• WORK REQUEST: Find each line in the records below that contains the word "office", and copy it out.

• Short text fragments from websites:
Segment Open

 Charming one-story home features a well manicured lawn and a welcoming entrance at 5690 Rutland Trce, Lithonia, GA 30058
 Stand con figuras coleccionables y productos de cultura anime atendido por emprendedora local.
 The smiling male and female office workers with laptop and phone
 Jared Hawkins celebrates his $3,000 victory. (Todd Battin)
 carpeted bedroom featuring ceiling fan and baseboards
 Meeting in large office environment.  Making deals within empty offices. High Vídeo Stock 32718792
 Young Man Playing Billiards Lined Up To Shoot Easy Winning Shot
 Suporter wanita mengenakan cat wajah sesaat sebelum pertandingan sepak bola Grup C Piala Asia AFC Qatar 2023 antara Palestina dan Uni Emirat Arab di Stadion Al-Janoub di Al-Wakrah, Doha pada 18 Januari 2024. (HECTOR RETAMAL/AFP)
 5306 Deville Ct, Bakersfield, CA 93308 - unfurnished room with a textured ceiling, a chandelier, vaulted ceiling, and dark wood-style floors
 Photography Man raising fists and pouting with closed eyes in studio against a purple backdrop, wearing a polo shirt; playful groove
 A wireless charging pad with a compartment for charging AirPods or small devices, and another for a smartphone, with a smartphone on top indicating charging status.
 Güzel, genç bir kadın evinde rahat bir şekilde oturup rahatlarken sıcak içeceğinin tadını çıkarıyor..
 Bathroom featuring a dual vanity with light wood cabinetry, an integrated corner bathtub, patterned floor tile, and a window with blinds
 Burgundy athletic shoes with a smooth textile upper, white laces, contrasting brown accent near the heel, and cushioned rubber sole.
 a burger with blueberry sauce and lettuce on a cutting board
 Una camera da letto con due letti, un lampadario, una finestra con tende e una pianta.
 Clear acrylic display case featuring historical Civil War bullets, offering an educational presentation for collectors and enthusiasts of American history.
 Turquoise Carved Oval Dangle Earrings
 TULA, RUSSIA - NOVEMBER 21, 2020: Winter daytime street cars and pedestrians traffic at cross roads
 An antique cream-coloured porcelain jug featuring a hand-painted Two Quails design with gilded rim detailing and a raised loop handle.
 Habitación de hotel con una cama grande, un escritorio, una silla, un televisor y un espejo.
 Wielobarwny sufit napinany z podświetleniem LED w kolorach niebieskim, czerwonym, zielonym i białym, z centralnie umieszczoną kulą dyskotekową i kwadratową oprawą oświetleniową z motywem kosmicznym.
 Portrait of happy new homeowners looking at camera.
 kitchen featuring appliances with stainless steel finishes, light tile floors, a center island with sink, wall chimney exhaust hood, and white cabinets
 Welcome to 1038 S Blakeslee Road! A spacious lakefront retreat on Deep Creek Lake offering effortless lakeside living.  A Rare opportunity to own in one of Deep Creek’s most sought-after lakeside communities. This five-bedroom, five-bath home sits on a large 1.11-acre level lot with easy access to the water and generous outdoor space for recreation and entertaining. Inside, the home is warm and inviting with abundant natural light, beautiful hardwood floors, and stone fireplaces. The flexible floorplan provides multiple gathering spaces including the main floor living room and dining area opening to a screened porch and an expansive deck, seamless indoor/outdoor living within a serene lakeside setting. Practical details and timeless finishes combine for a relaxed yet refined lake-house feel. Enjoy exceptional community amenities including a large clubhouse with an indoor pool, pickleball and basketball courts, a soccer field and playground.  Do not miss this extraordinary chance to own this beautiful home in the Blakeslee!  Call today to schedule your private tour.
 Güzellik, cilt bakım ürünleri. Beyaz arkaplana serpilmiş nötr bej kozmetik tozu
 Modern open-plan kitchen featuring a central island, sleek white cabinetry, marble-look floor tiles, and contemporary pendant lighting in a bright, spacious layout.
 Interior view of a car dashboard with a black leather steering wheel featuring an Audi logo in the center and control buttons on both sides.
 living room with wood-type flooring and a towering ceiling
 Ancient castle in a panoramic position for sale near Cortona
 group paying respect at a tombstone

Segment Closed

• RESULT:
 The smiling male and female office workers with laptop and phone
 Meeting in large office environment.  Making deals within empty offices. High Vídeo Stock 32718792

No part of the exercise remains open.